Ab 1937 eroberte die japanische Armee den Nordosten Chinas bis hin zu den weiter südlich gelegenen Städten Shanghai und Nanjing, 1938 sogar die südchinesische Stadt Kanton (auch Guangzhou genannt). Gegen die chinesische Bevölkerung gingen die japanischen Invasoren mit unvorstellbarer Gewalt vor, was bis heute tiefe Spuren in der chinesischen Gesellschaft hinterlassen hat. Nach Ausbruch des Zweiten Weltkriegs verbündete sich Japan mit dem nationalsozialistischen Deutschland und Italien. Japan besetzte nach dem Rückzug von Franzosen und Holländern Indochina (das heutige Vietnam), Niederländisch-Indien (Vorläufer der Republik Indonesien), Malaysia, Myanmar (auch Birma genannt), Teile Neuguineas und die Philippinen.

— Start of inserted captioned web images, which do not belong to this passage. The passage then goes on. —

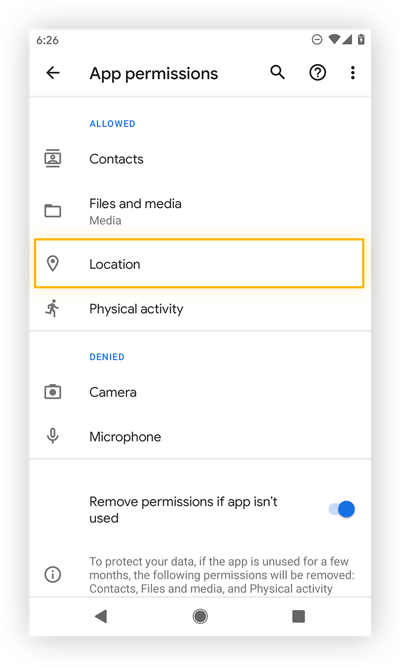 Visualización de los permisos de una aplicación específica en Android 11.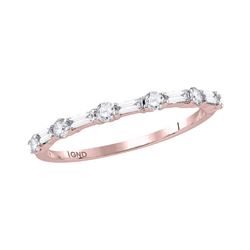Round Baguette Diamond Stackable Band Ring 1/3 Cttw 10kt Rose Gold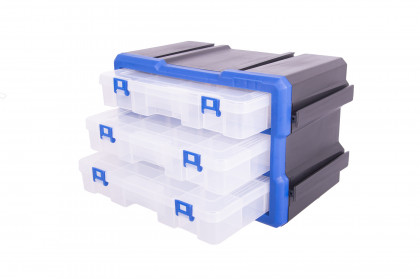 Plastový organizér, 3 uzavíratelné boxy - MW1803
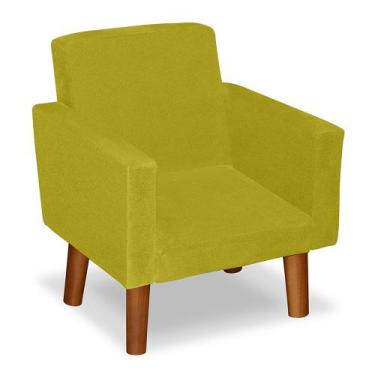 Imagem de Mini Poltrona Decorativa Infantil Nina Suede Amarelo LM Decor - Sonho 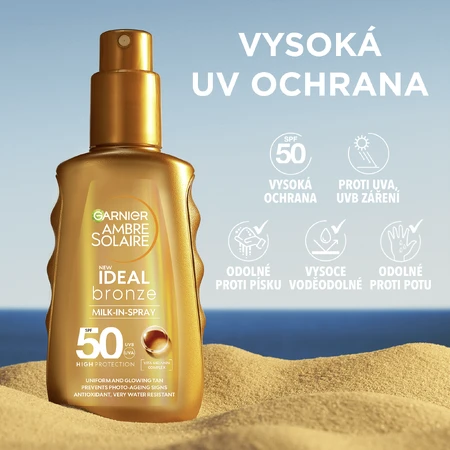 Garnier Ambre Solaire Ideal bronze spray body lotion SPF 50, 150 мл: цены и характеристики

Am 7. Dezember 1941 griffen japanische Kampfflugzeuge die in Pearl Harbour stationierte US-amerikanische Pazifikflotte an. Die USA nahmen diesen Vorfall zum Anlass, selbst aktiv in die Kriegshandlungen des Zweiten Weltkriegs einzugreifen. Im "Pazifikkrieg" wurde Japan anschließend immer weiter zurückgedrängt, bis es im August nach dem Abwurf der Atombomben über Hiroshima und Nagasaki im August des Jahres 1945 kapitulierte. Anschließend erklärte noch Russland den Krieg und annektierte die Kurilen. Nach dem Zweiten Weltkrieg war das japanische Staatsgebiet wieder auf eine Größe wie zum Ende des 19. Jahrhunderts zusammengeschrumpft.

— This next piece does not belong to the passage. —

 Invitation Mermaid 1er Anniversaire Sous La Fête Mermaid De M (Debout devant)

Wiederaufbau und jüngere Geschichte
Nach dem Zweiten Weltkrieg war Japan ein völlig zerstörtes Land, welches langsam wieder aufgebaut werden musste. Japans Militärapparat wurde zunächst komplett abgeschafft, die "Kriegsverbrecher" stellte man vor Gericht - gegen mehrere hundert Offiziere wurde die Todesstrafe verhängt. Die USA richteten militärische Stützpunkte in Japan ein und machten das Land zu einem strategischen Partner im Kalten Krieg mit der Sowjetunion. 1947 wurde eine neue Verfassung verabschiedet.

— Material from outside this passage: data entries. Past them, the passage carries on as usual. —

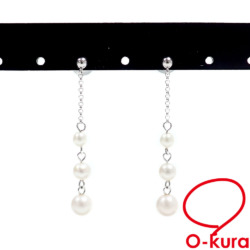 【中古】 パール ピアス レディース K14WG 3.0mm-5.0mm 1.0g 14金 ホワイトゴールド 真珠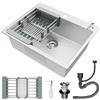 STANEW Lavello da cucina in acciaio inox 1 vassoio 68 x 45 cm, lavello incassato, fori per rubinetti e dispenser di sapone e cestello telescopico, argento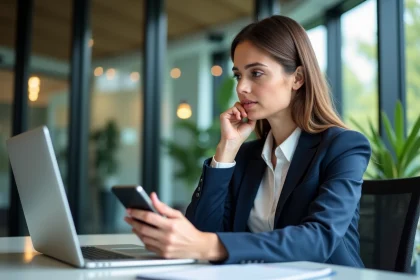Femme d affaires en bureau regardant son ordinateur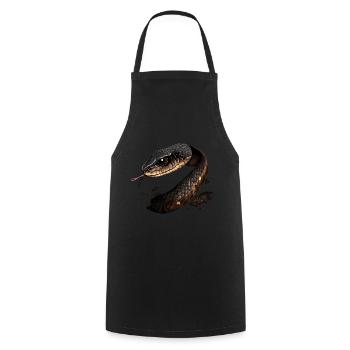 Schlange - Kochschürze - Schwarz - Vorne - AI Model Male 185 dark (185cm)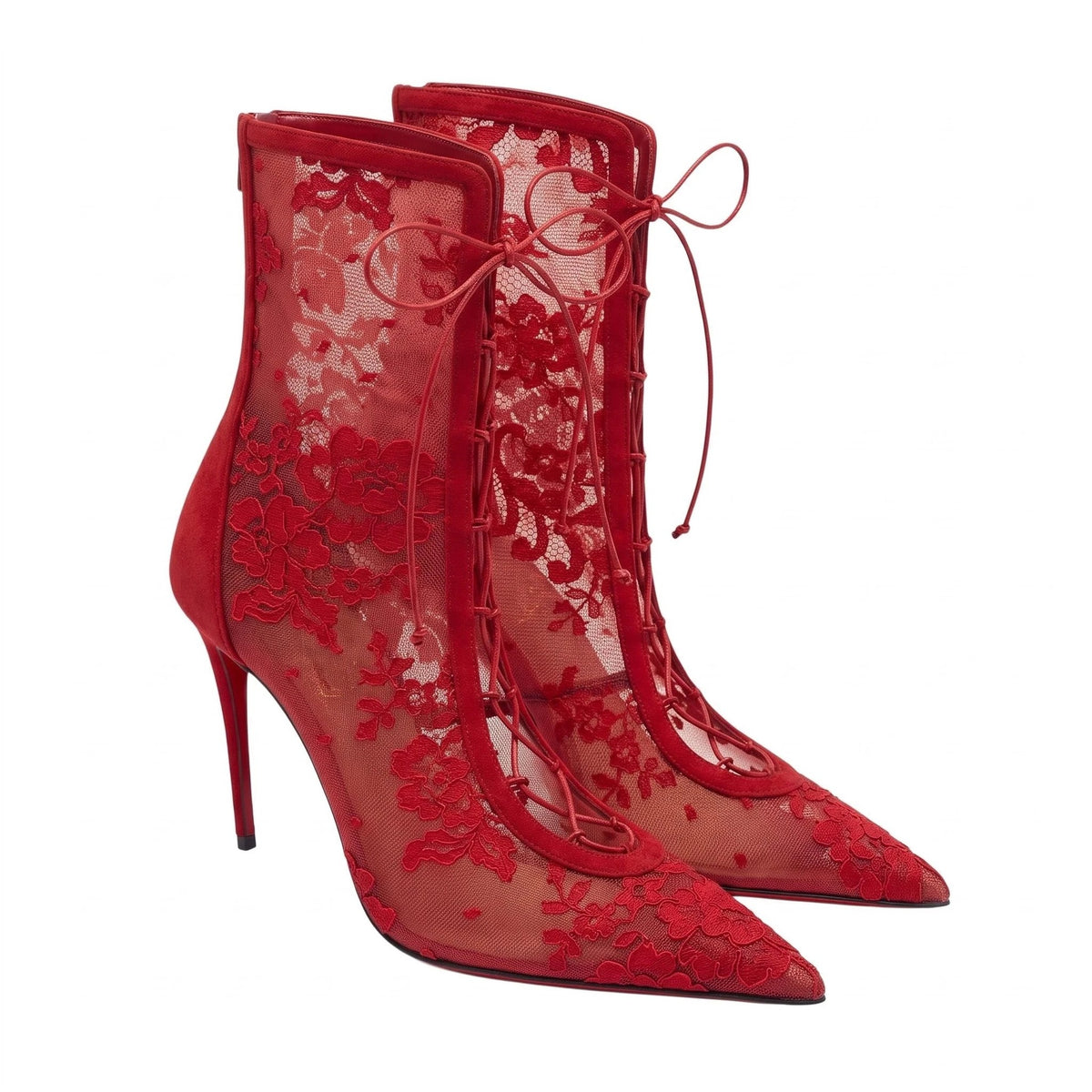 Sexy Sheer Bottes en dentelle à talons hauts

Mit der neuen Verfassung ist die politische und militärische Macht des japanischen Kaiser praktisch nicht mehr gegeben - er ist nur mehr Symbol des Staates. Die offizielle Besetzung Japans durch die Siegermächte des Zweiten Weltkriegs (organisiert durch den US-General Douglas MacArthur) endete im Jahr 1952 durch die Verabschiedung eines Friedensabkommens. Wie in Deutschland wurde eine neue Verteidigungsarmee aufgestellt, welche von den USA gelenkt wurde. Im "Koreakrieg" (1950 bis 1953) operierten die US-Streitkräfte von japanischem Boden aus.
In den 1950er und 1960er Jahren kam es in Japan wieder zu einem starken Wirtschaftswachstum und zu einem schnellen Anstieg des Lebensstandards weiter Teile der Bevölkerung. 1973 wurde die japanische Wirtschaft durch die internationale Ölkrise stark getroffen, denn als rohstoffarmes aber stark industrialisiertes Land ist Japan vom Ölimport hochgradig abhängig. Trotzdem begann die Wirtschaft in den 1970er Jahren weiter zu wachsen.
Dieser Trend kehrte sich in den 1980er Jahren um. Die Aufwertung der japanischen Währung Yen gegenüber dem Dollar ab 1985 spielte bei dieser Umkehr eine Rolle. Das Platzen einer Spekulationsblase im Jahr 1990 führte zu einer folgenschweren Finanzkrise, welche sich in den 1990er Jahren zu einer politischen Krise ausweitete und die japanische Staatsverschuldung weiter in die Höhe schraubte. Erst im neuen Jahrtausend ist Japans wirtschaftliche Lage wieder stabiler.
Katastrophe nationalen Ausmaßes ereignete sich im März 2011, als infolge des Tohoku-Erdbebens am 11. März ein Tsunami die elektrische Versorgung des Atomkraftwerks Fukushima Daiichi beschädigte. Reaktorkerne und Brennstäbe konnten nicht mehr ausreichend gekühlt werden, so dass es zu einer Unfallserie mit mehreren Kernschmelzen kam. Mehrere zehntausend Menschen mussten "evakuiert" ("umgesiedelt") werden, die Natur ist in weitem Umkreis radioaktiv verstrahlt.